But look again at what you're claiming here: "price doesn't depend on quality of content".
Here's the evidence you start from:
- Time: lower quality content, ~$5 / issue
- Economist: higher quality content, ~$7 / issue
Which to an outside observer certainly doesn't look like a case of price not depending on quality of content.
To turn the above facts into evidence for your claim you introduce a "price per page" metric, which lets you salvage your point at the expense of introducing a dubious metric.
Leaving aside the dubiousness of the metric, your chosen datapoints don't hold up once you leave the newsstand:
Difference in quality of content may not be a complete explanation for the above differential, but I'd wager a guess it has something to do with it.
And even at the newsstand you can find a wide range of price-per-sheet values (eg: 4c to 20c by my estimates), enough so that you could just as easily, say, have picked "Foreign Affairs" and "Time" and have it come out that higher quality content yields higher per-page prices.
Which is why this looks like a sloppy generalization: you're trying to argue against a statistical relationship (generally "higher-quality content => generally higher prices") by means of anecdote, and not really a carefully-vetted anecdote at that (as evidenced in the subscription pricing).

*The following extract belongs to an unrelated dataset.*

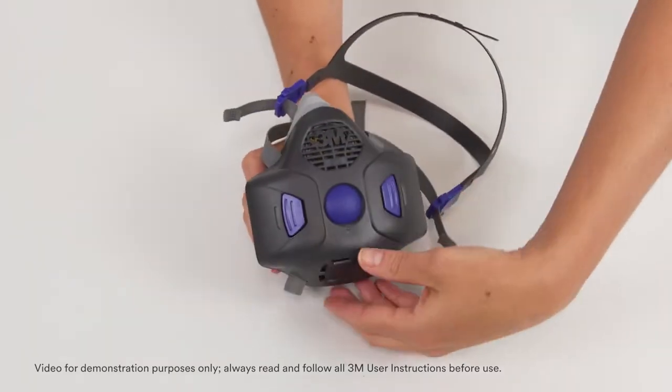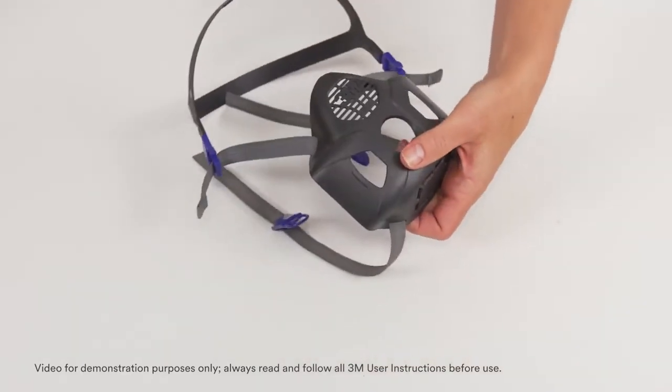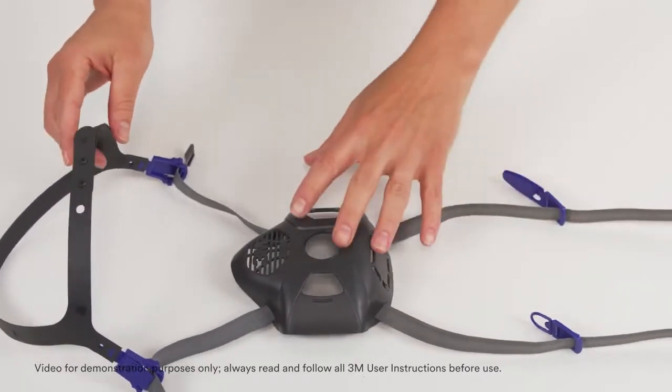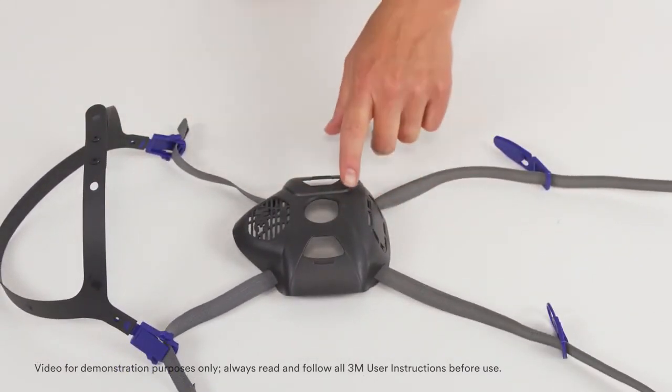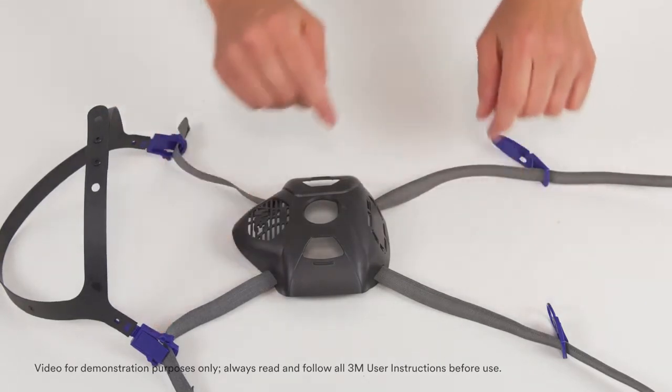Remove the head harness assembly by pulling down and outward on the bottom of the assembly. Inspect the head harness assembly, including the fascia, head harness, and buckles for damage, cracks, and fatiguing.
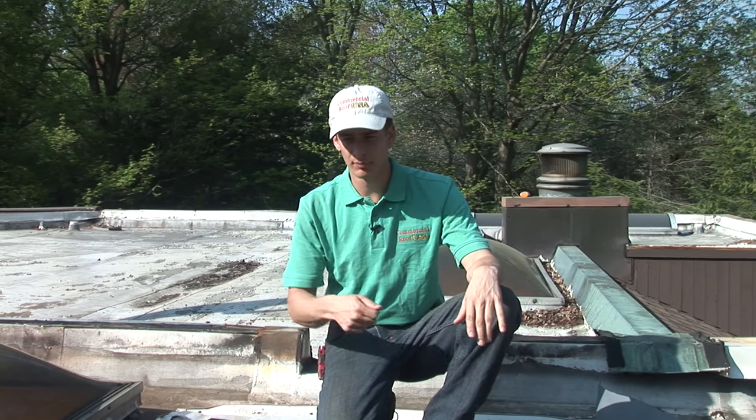But the TPO roof had water all underneath it. When we pulled it up, I was cutting in places, and we had to strip the entire roof because it ended up having water all underneath. Having said that, we stripped this off because we recommend a two-ply system.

You seem to be rather arbitrary about what is a dubious metric. Why would you count issues instead of pages? I think that is a stupid metric. Obviously price/page isn't perfect, but is also obviously better/more relevant. You should also check http://www-cs-faculty.stanford.edu/~knuth/joalet.pdf (PDF) this open letter of Knuth regarding publishing.
It was football day so I really didn't want to get into it. Now it's not so I'll respond to your point, which is well-taken.
About the metric:
I wasn't clear on the sense in which I think "price per page" is dubious. From the consumer standpoint it's not irredeemably flawed; $-per-word is better (gets at the same point more accurately) but that'd take actual work to calculate so it's not going to show up in one of these essays.
That said it has some weaknesses, mainly variations on the "Fallacy of Division".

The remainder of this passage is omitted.